- What you need to do:
Give all of the records again precisely, excluding whatever pictures they contain.

Source records
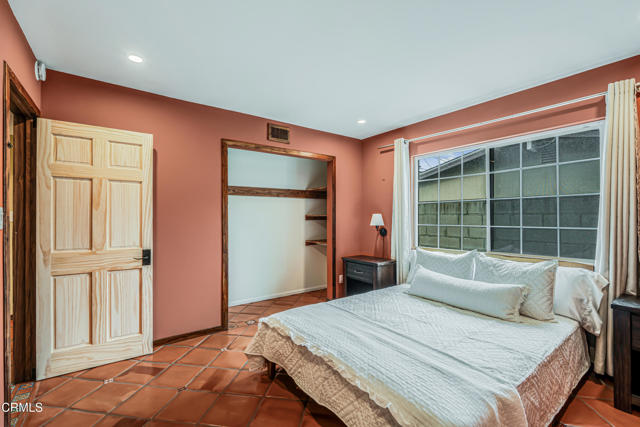 MLS #V1-33389 image #11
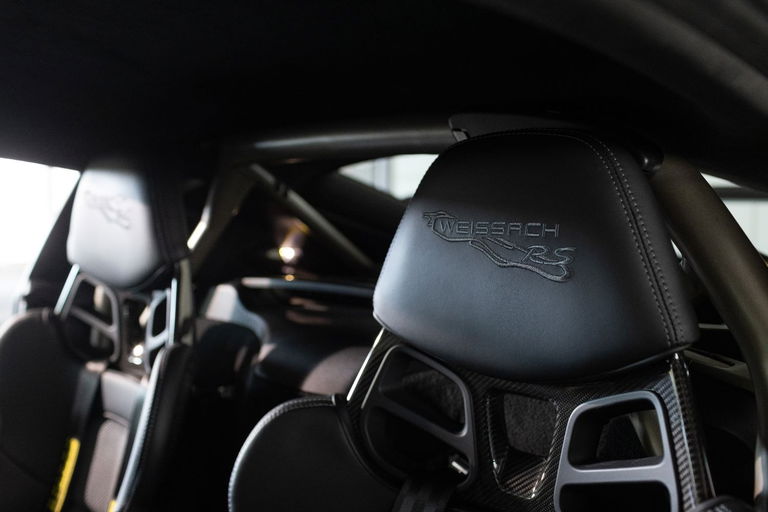 Porsche 718 Cayman GT4 RS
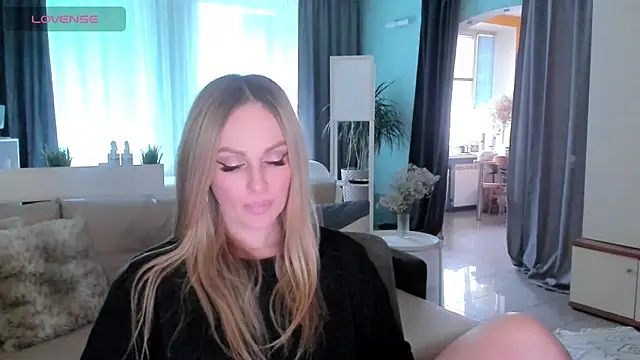 Snapshot of Libby_Nora chatting on 02-27-25, 12:45 Libby Nora online show from 02-27-25, 12:45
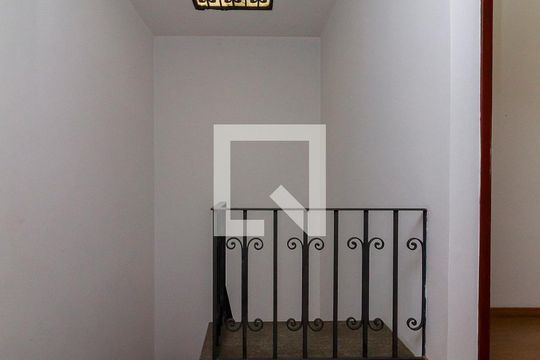 Corredor de casa à venda com 5 quartos, 260m² em Jardim dos Estados, São Paulo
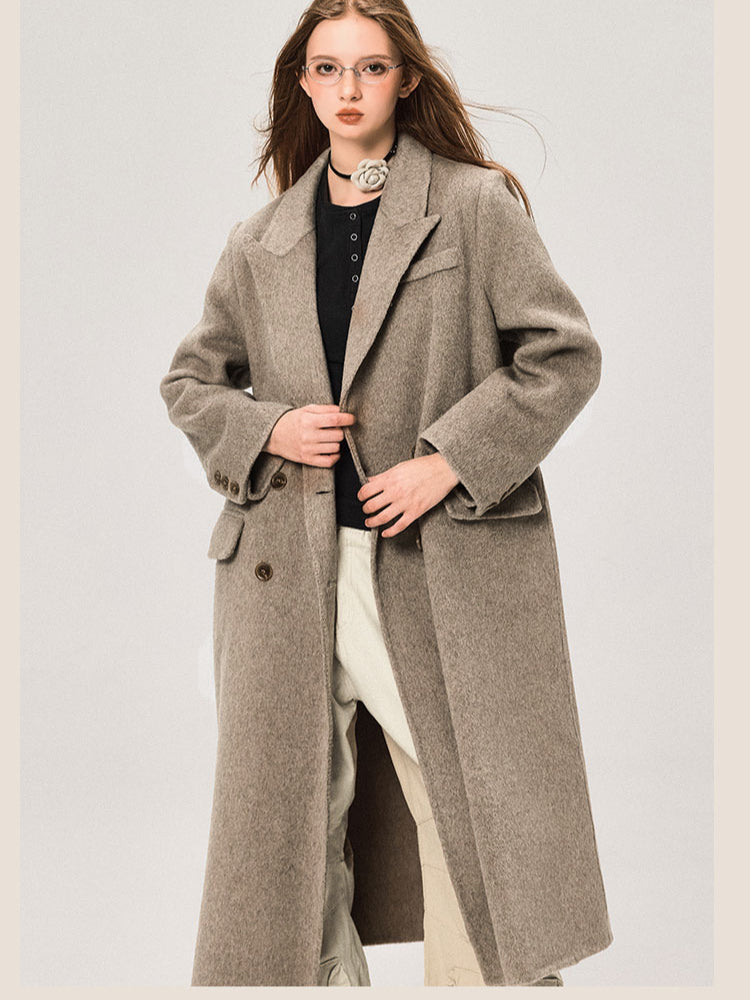 Manteau de laine d'épaule régulière de longueur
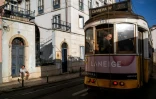 Un tramway transporte des touristes dans le quartier d'Alfama à Lisbonne, le 23 octobre 2024 au Portugal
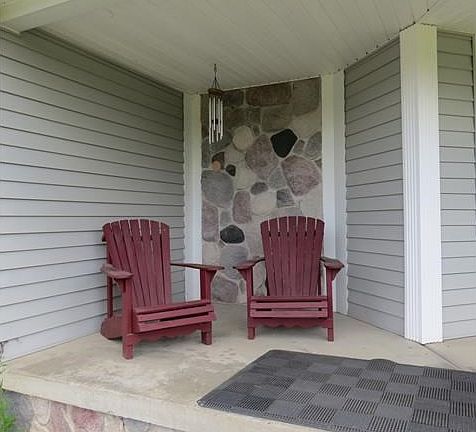 Large Front Porch for relaxing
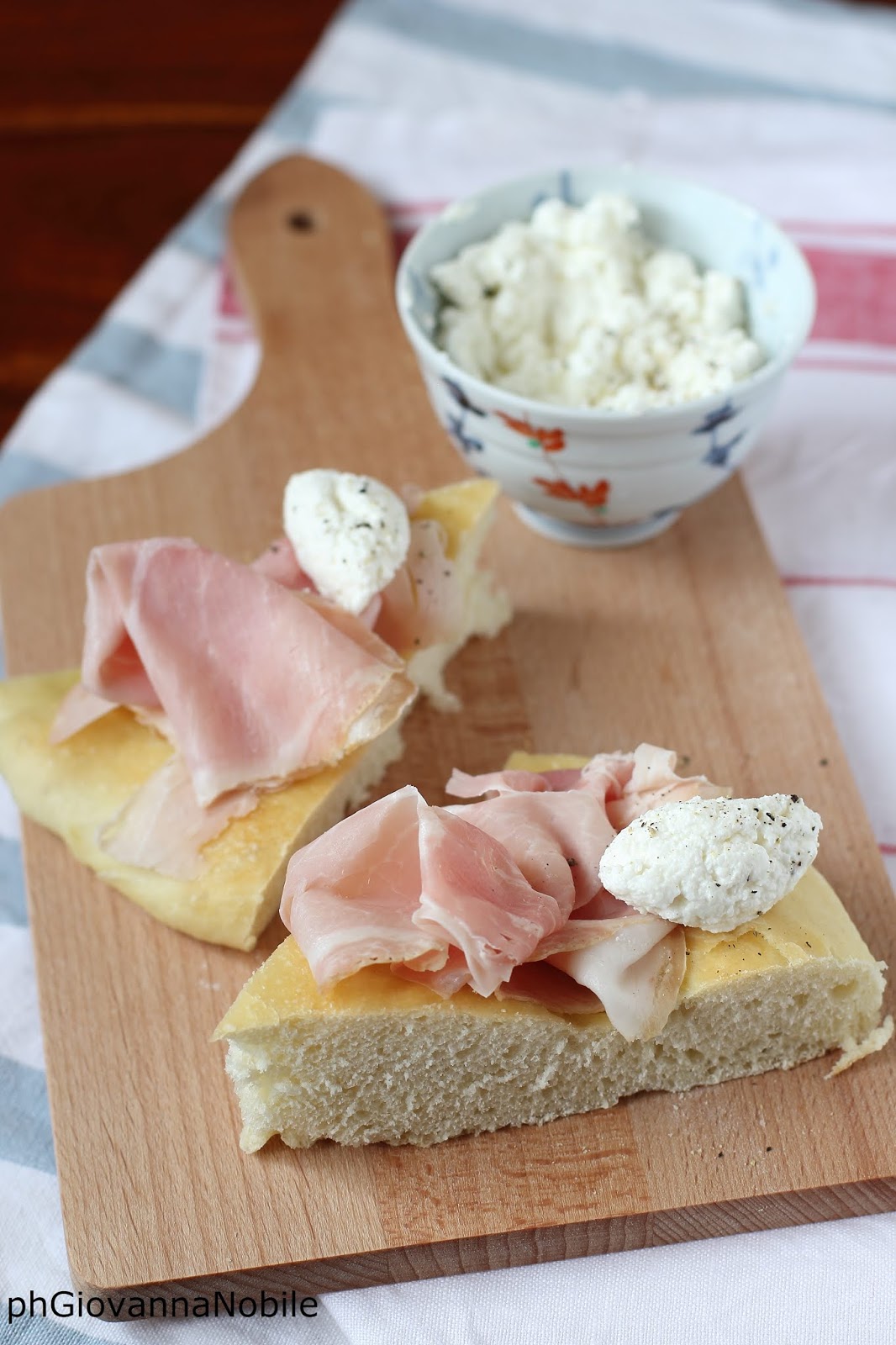 Tranci di focaccia di kamut con prosciutto cotto e quenelle di ricotta la cuoca eclettica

- Worked solution:
 MLS #V1-33389 image #11
 Porsche 718 Cayman GT4 RS
 Snapshot of Libby_Nora chatting on 02-27-25, 12:45 Libby Nora online show from 02-27-25, 12:45
 Corredor de casa à venda com 5 quartos, 260m² em Jardim dos Estados, São Paulo
 Manteau de laine d'épaule régulière de longueur
 Un tramway transporte des touristes dans le quartier d'Alfama à Lisbonne, le 23 octobre 2024 au Portugal
 Large Front Porch for relaxing
 Tranci di focaccia di kamut con prosciutto cotto e quenelle di ricotta la cuoca eclettica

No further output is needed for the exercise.